В самом деле, те так открыто не шли бы, да еще тесной группой. Развернулись бы в цепь и начали обкладывать наш израненный танк по всем правилам.
— Братцы! — Бирюков даже всхлипнул от радости. — Да мы ж чуть по своим не врезали! Вон, глядите, первым радист бежит. А за ним, кажется, Иван Антонович Сечной. Точно! А рядом Рукавишников…
Теперь и мы узнали их. Еще издали донесся счастливый голос стрелка-радиста:
— Товарищ комиссар, не стреляйте! Это мы! Подбежали, помогли нам выбраться из танка. Хлопаем друг друга по плечам, смеемся от радости. Рукавишников сразу же захлопотал около раненых.
— А радист-то ваш, радист! Ты знаешь, что он отмочил? — рассказывал Сечной. — Его у самых хат заметили, ну, как положено: «Стой, руки вверх!» Он руки-то поднял, а окажись на нашем месте фашисты, вряд ли бы они его взяли, потому как в руке у него граната была.
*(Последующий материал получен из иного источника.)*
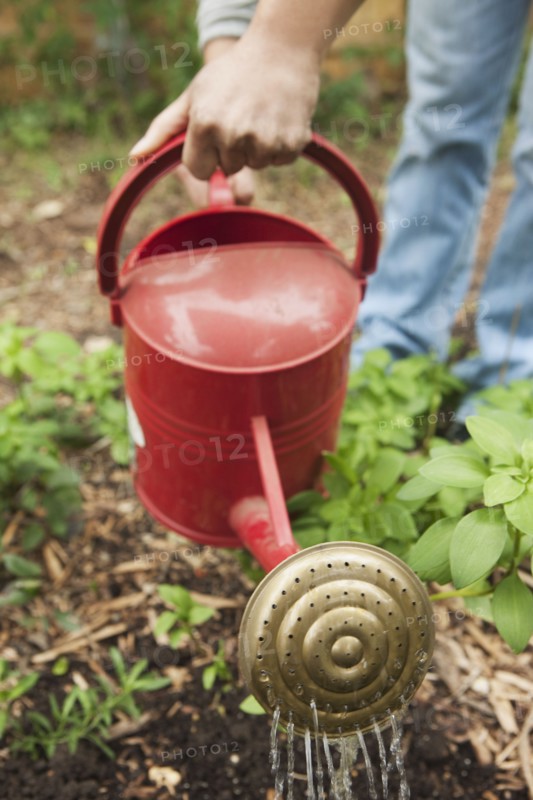 Watering the garden. Photographe : Stewart Cohen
Он бы и себя подорвал, и их. Точно! — И тут же деловито заводил лучом фонарика по нашему КВ. Осмотрев, сказал уверенно: — Ничего, завтра-послезавтра в строю будет…
В результате боя за Гречишенки, Ильенки, Коркодиново нами были разгромлены подразделения 17-го пехотного полка и его штаб.
— Какие же все-таки мерзавцы эти фашисты! — возмущался наш новый командир батальона капитан Г. В. Авраменко, к огда после упорного боя мы освободили разграбленпую, полусожженную деревню Малая Каменка. — И чем хуже их дела, тем больше зверствуют.
— Еще бы, сверхчеловеки, арийская раса. А сами хуже скотов, — презрительно заметил капитан В. С. Мухин, помощник начальника штаба бригады по разведке: — Ничего у них человеческого нет. Грабят, рушат, жгут… Разве это армия?
— Бандитская у них философия, бандитское и поведение, — вступил в разговор начальник штаба батальона старший лейтенант П. П. Тормоз.
Разговор этот происходил поздним февральским вечером в одной из полуразрушенных хат Малой Каменки. Мы с комбатом только что возвратились из штаба бригады, где получили задачу совместно с пехотой выбить противника из Колодкино и Федюково.
Ночь прошла в хлопотах. Перед рассветом я решил побывать в ротах. Собственно, рот в том представлении, в каком они обычно видятся — с полным штатом людей, с вооружением, техникой, у нас уже не было. В каждом бою батальон нес потери. А пополнение поступало нечасто. Вот и. получалось: в донесениях и сводках фигурировала рота, а на самом деле в ней всего-навсего один танк.
— Привет, Лыков! — раздалось над самым моим ухом. В темноте различил знакомую фигуру комиссара стрелкового батальона политрука П. Н. Шерстова. Он, как всегда, бодр, улыбчив. Будто и не было тех тяжелых двухнедельных боев у Юхновского шоссе, когда его батальону приходилось подчас драться в окружении. — Куда направился?
— По ротам. Надо с людьми поговорить.